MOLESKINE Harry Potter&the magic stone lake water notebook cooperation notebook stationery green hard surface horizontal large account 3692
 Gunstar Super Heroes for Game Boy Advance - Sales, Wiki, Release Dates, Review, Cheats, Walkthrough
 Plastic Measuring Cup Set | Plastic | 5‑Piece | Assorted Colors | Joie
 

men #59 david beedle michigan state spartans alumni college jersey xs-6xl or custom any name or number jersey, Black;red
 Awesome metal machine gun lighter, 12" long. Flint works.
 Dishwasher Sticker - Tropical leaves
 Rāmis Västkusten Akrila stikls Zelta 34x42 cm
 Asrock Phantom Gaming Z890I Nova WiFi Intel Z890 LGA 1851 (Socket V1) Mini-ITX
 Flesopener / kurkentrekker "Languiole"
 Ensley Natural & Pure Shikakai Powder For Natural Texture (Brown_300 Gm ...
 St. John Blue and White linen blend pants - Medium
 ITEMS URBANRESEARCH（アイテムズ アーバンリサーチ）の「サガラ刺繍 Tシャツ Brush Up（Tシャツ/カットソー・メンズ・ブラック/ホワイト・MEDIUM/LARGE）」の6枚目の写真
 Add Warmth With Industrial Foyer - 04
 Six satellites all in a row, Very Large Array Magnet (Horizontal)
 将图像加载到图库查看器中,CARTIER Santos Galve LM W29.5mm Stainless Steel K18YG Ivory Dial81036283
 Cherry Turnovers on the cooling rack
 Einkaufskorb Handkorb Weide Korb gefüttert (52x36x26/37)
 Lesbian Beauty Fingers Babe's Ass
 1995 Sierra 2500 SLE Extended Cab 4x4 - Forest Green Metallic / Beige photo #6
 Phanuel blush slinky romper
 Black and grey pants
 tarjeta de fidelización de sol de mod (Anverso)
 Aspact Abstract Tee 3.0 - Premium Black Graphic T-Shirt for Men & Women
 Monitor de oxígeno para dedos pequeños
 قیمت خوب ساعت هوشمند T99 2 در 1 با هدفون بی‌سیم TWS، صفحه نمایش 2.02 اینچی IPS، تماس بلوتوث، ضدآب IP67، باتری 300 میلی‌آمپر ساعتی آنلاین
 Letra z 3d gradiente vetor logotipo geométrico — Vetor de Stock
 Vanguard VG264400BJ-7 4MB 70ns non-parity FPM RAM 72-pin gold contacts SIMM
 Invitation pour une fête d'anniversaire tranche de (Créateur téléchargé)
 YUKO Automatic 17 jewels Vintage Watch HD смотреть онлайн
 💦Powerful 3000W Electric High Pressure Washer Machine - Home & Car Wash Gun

#####

WHAT IS NEEDED
Every entry should be output exactly as written, please.

EXERCISE SOLUTION
MOLESKINE Harry Potter&the magic stone lake water notebook cooperation notebook stationery green hard surface horizontal large account 3692
 Gunstar Super Heroes for Game Boy Advance - Sales, Wiki, Release Dates, Review, Cheats, Walkthrough
 Plastic Measuring Cup Set | Plastic | 5‑Piece | Assorted Colors | Joie
 

men #59 david beedle michigan state spartans alumni college jersey xs-6xl or custom any name or number jersey, Black;red
 Awesome metal machine gun lighter, 12" long. Flint works.
 Dishwasher Sticker - Tropical leaves
 Rāmis Västkusten Akrila stikls Zelta 34x42 cm
 Asrock Phantom Gaming Z890I Nova WiFi Intel Z890 LGA 1851 (Socket V1) Mini-ITX
 Flesopener / kurkentrekker "Languiole"
 Ensley Natural & Pure Shikakai Powder For Natural Texture (Brown_300 Gm ...
 St. John Blue and White linen blend pants - Medium
 ITEMS URBANRESEARCH（アイテムズ アーバンリサーチ）の「サガラ刺繍 Tシャツ Brush Up（Tシャツ/カットソー・メンズ・ブラック/ホワイト・MEDIUM/LARGE）」の6枚目の写真
 Add Warmth With Industrial Foyer - 04
 Six satellites all in a row, Very Large Array Magnet (Horizontal)
 将图像加载到图库查看器中,CARTIER Santos Galve LM W29.5mm Stainless Steel K18YG Ivory Dial81036283
 Cherry Turnovers on the cooling rack
 Einkaufskorb Handkorb Weide Korb gefüttert (52x36x26/37)
 Lesbian Beauty Fingers Babe's Ass
 1995 Sierra 2500 SLE Extended Cab 4x4 - Forest Green Metallic / Beige photo #6
 Phanuel blush slinky romper
 Black and grey pants
 tarjeta de fidelización de sol de mod (Anverso)
 Aspact Abstract Tee 3.0 - Premium Black Graphic T-Shirt for Men & Women
 Monitor de oxígeno para dedos pequeños
 قیمت خوب ساعت هوشمند T99 2 در 1 با هدفون بی‌سیم TWS، صفحه نمایش 2.02 اینچی IPS، تماس بلوتوث، ضدآب IP67، باتری 300 میلی‌آمپر ساعتی آنلاین
 Letra z 3d gradiente vetor logotipo geométrico — Vetor de Stock
 Vanguard VG264400BJ-7 4MB 70ns non-parity FPM RAM 72-pin gold contacts SIMM
 Invitation pour une fête d'anniversaire tranche de (Créateur téléchargé)
 YUKO Automatic 17 jewels Vintage Watch HD смотреть онлайн
 💦Powerful 3000W Electric High Pressure Washer Machine - Home & Car Wash Gun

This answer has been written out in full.